Upon passing the bar exam, Segarra ran his own community law practice (with a year-long hiatus as an assistant state’s attorney) until being called upon in 1991 to fill a vacated position as Hartford’s corporation counsel. At the time, Segarra was 32 years old, making him the youngest corporation counsel in the city’s history. “Back then, I was doing a lot of community work,” he says, “so even though I wasn’t involved in politics, I was very familiar with a lot of people in the city. Also, I was quite diligent and thorough, whether I was doing real estate closings, criminal work or administrative work, so people who knew me as an attorney knew I had a very good record.”
After three terms as corporation counsel (then a part-time position), Segarra returned to private practice on a full-time basis in 1996, at which time he focused on integrating his social work and legal skills, particularly in divorce and disability cases. Although Segarra notes (with a broad grin) that he also used his “integrated professional training to deal with politicians,” he didn’t consider entering the political arena himself until he was asked to fill a vacancy on Hartford’s Court of Common Council in 2006. After first declining the offer, he took the seat with the intention of finishing out the eighteen months left in the term. “Then I decided to run for another term – and I won,” says Segarra, chuckling. “Halfway through that next term I became Council president, and when the mayor resigned I slid into that position with no intention of running after that.” So much for good intentions. On November 5, 2011, Segarra was elected Hartford’s 66th mayor, garnering more than 80% of the vote.

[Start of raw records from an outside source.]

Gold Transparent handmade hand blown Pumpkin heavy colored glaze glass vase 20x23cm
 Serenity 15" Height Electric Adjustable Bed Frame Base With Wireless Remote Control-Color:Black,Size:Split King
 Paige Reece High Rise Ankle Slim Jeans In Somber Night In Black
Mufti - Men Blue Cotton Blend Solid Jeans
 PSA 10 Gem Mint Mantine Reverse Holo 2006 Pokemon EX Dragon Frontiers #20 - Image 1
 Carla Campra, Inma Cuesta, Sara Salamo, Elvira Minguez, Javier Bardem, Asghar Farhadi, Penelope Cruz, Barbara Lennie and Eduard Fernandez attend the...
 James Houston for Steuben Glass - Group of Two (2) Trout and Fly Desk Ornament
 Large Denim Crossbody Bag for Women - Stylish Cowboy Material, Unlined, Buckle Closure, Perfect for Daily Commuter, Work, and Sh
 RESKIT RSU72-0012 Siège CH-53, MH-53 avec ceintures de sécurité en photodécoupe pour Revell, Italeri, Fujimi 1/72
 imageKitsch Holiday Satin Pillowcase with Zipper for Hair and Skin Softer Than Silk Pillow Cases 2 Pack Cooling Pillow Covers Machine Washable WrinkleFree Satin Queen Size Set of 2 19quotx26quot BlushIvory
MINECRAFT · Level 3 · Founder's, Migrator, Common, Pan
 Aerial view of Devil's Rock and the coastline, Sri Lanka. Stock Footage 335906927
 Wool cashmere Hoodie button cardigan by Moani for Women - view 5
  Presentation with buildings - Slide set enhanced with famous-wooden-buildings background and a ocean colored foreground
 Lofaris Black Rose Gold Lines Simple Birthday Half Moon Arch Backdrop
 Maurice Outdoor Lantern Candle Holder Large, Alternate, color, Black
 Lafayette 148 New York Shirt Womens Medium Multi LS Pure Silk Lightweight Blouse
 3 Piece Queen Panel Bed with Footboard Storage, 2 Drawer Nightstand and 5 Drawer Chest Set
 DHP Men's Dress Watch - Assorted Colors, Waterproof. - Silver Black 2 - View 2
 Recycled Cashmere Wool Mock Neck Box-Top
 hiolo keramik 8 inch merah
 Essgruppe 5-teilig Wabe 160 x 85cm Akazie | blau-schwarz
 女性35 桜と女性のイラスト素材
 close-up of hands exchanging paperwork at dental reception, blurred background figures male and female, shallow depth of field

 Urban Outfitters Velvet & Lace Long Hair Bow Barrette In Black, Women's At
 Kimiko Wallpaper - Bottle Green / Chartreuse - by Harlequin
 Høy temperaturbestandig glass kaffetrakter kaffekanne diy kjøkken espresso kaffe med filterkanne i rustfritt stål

Despite the many difficult challenges he faces as mayor of one of the region’s poorest cities, Segarra, who was named one of 2010’s “Most Compelling People” by Out magazine, looks to the future with the same optimism he had when he arrived in Hartford nearly 40 years ago. “[When I took office], I had a million things that I wanted to do, including improve the educational reform agenda, develop and grow our downtown for residents and businesses, reduce crime, take down dilapidated buildings, further develop our transportation infrastructure, improve the conditions of the parks, address housing conditions at Bowles Park and Westbrook Village, and make the business of my office more transparent. I wanted to take on everything. I have come to realize that the harder I work, the more the sky is the limit. Even in difficult times, there is a lot we can do.”
So what does Pedro Segarra do when he is away from the mayor’s office? “There is no life away from the mayor’s office,” exclaims a half-joking Segarra, who lives in Hartford’s West End with his husband, Charlie Ortiz, a leading advocate of beautification efforts in Hartford. “There is too much to be done.”